La chiamata”: quando ha sentito di voler diventare pianista?

«Se c'è stato un momento chiave, è stato a Varsavia, al Concorso Chopin. Suonavo anche prima, con passione. Ma lì ho visto la mia posizione di pianista con chiarezza».

Una vita in compagnia di uno strumento: si è mai sentito un diverso?

«La mia è una vita di concerti. Una scelta che ti toglie varie altre possibilità. Ma è la vita che ho deciso di fare. E comunque è il numero di appuntamenti a fare la differenza. Quel numero va pensato bene.
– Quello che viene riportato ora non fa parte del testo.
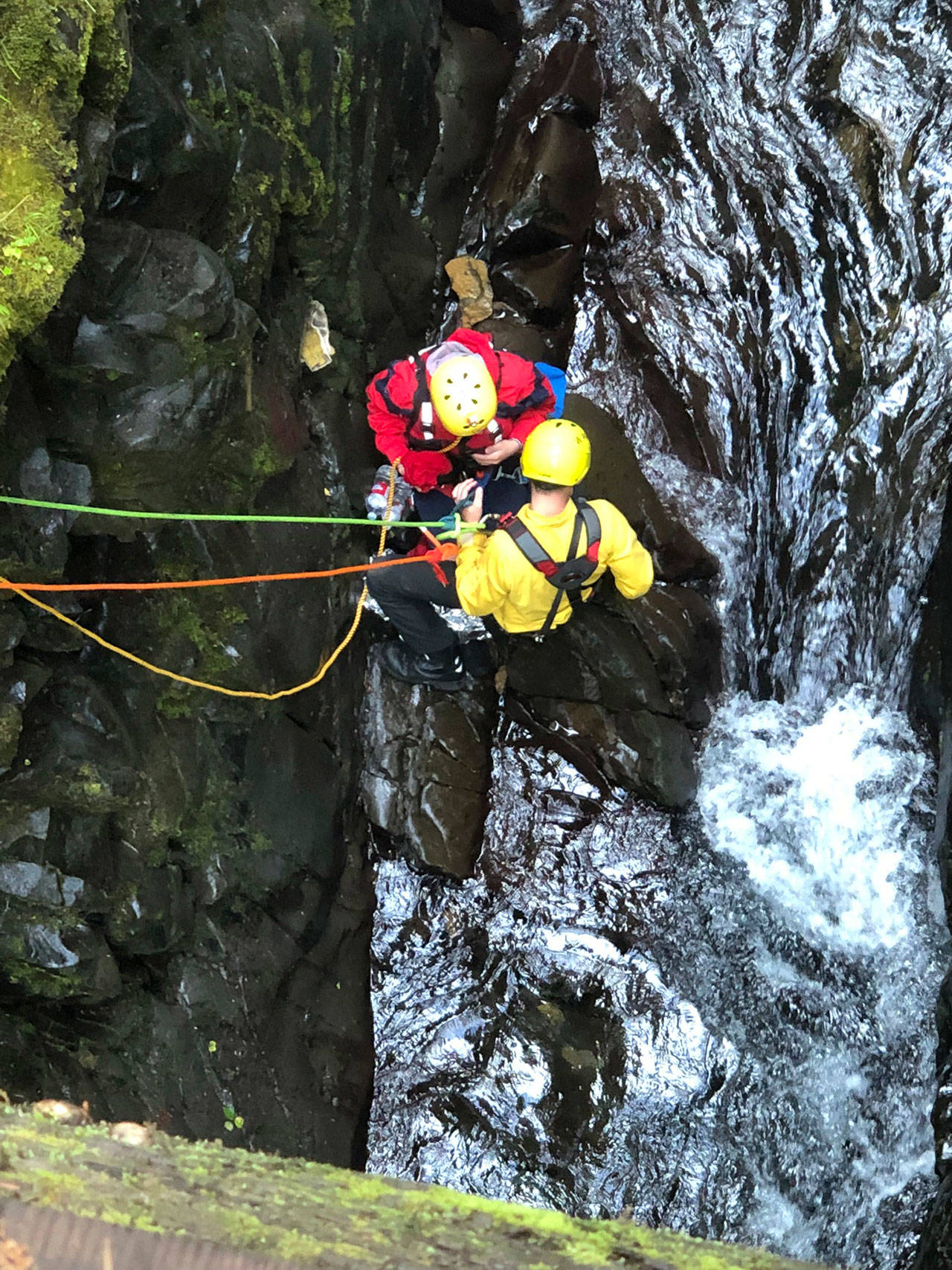 A first responder works to rescue a teenager who was trapped on a rock in the Sol Duc River on Monday. (Assistant Chief Dan Huff/Clallam County Fire District No. 2)
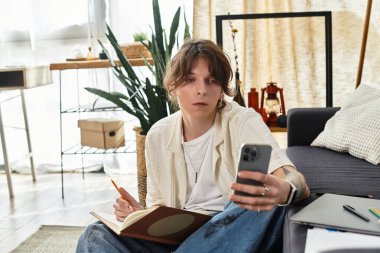 Genç adam rahat bir ev atmosferiyle çevrili telefonunda çalışma materyallerini araştırıyor..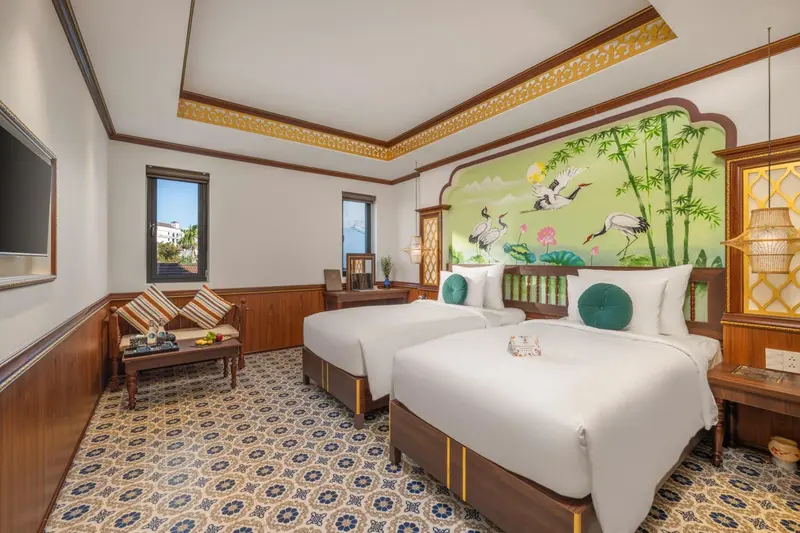 Chambre lumineuse avec deux lits simples et décoration florale.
Fondamentale saper capire qual è quello giusto per mantenere un equilibrio tra la capacità di dare e il sentirsi appagati. Prima arrivavo a settanta esibizioni l'anno. Ora meno».

Nono, Berio, Bussotti, come prosegue la linea creativa nel mondo musicale italiano?

«Loro hanno rappresentato un periodo straordinario. La presenza dei loro brani nei calendari istituzionali è limitata. E invece sarebbe essenziale per la maturazione del pubblico. Il processo creativo non si è interrotto, ma dopo di loro vedo minor capacità far progredire il linguaggio musicale contemporaneo, che tra l'altro non è stato ancora digerito».

Quindici anni fa tenne il concerto d'inaugurazione dell'Auditorium: che ricordo conserva?

«La vita musicale romana, prima dell'Auditorium, era più limitata. Santa Cecilia, ora, è un luogo fondamentale per l'attività culturale della Capitale. Ci sono appena tornato a suonare e ci torno sempre volentieri».

Nella sua carriera, lei si è esibito anche come direttore d'orchestra.

«Per fortuna ho intuito chiaramente il pericolo. Sentivo che sarebbe stato un investimento di energia troppo importante e che avrebbe danneggiato la mia carriera, la mia realtà di pianista».

Anche suo figlio è musicista. Che scambio avete?

«Non credo sia giusto che proprio io ne faccia le lodi. Ha studiato molto, piano, direzione d'orchestra. Ora si dedica alla composizione. Sta ultimando un lavoro, piuttosto impegnativo, anche di musica elettronica, per un'orchestra molto grande. Vicino a essere finito. Vorrei ascoltarlo presto, il tempo passa».

Il tempo passa, che segni lascia?

«Lascia cose belle, ma purtroppo, passa».